The Federal Reserve actively works to maintain an inflation rate near 2 percent. When the rate gets too much higher than the 2 percent target, the Federal Reserve can take several actions to try and slow economic growth, including raising interest rates.
While many may think all inflation is bad, economists argue that a bit of controlled inflation is good for an economy. Higher prices encourage spending, and it also provides companies with enough confidence to hire new employees. Inflation is most dangerous when it is not controlled and unplanned for.
The economy doesn't have to have inflation every year. The opposite of inflation, deflation, is when prices go down and the inflation rate falls below 0 percent. An indicator that economic conditions are deteriorating, deflation often results in lower levels of production and ultimately high rates of unemployment.
Types of inflation
There are two main types of inflation: demand-pull and cost-push. Fueled by income and strong consumer demand, demand-pull inflation occurs when the economy demands more goods and services than are available. This results in higher prices. Cost-push inflation happens when the demand for goods increases because the cost of production costs rises to the point where fewer goods can be produced.

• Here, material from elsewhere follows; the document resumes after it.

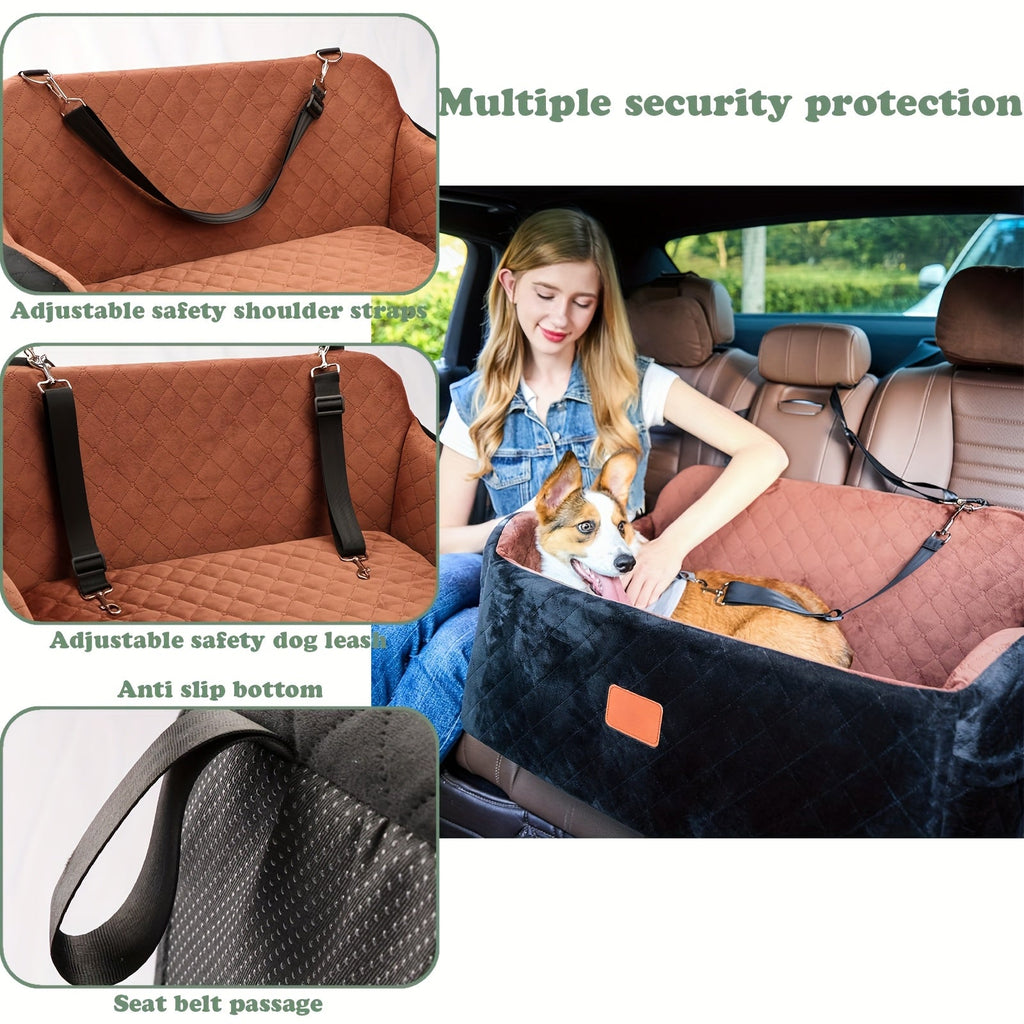 Dog Car Seat for Medium Large Dogs – Washable Memory Foam Pet Travel Car Bed with Seat Belt Pass-Through, Adjustable Straps & 3-Point Installation, Gray Black Brown All Black Black Gray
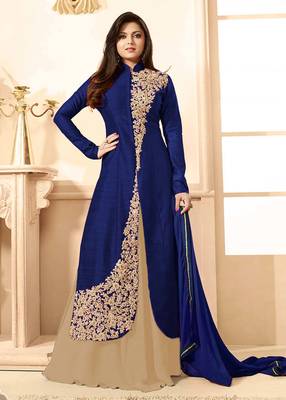 Blue embroidered art silk salwar 2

Other types of inflation include hyperinflation, a rapid and out-of-control inflation; pricing power inflation, which occurs when businesses raise prices to increase profits; sectoral inflation, which is when the rising prices are confined to just one industry; and stagflation, which occurs when inflation is rising despite slow economic growth.
History of inflation
While the inflation rate has been between 1.5 and 3.5 percent for the past two decades, it fluctuated a great deal in the years before. While inflation rates have only been tracked officially for the past 100 years, it did play a great role in the economy in the years well before that. Between 1775 and 1865, inflation was blamed for two U.S. currency collapses, the Continental Currency during the Revolutionary War and the Confederation notes during the Civil War. In the last century, inflation rates have spiked to 18 percent in 1918, 15.6 percent in 1920 and 14.4 percent in 1947. Inflation in the United States has only risen above 10 percent twice since 1980. It topped out at 13.5 percent in 1980 and a year later, reached 10.3 percent.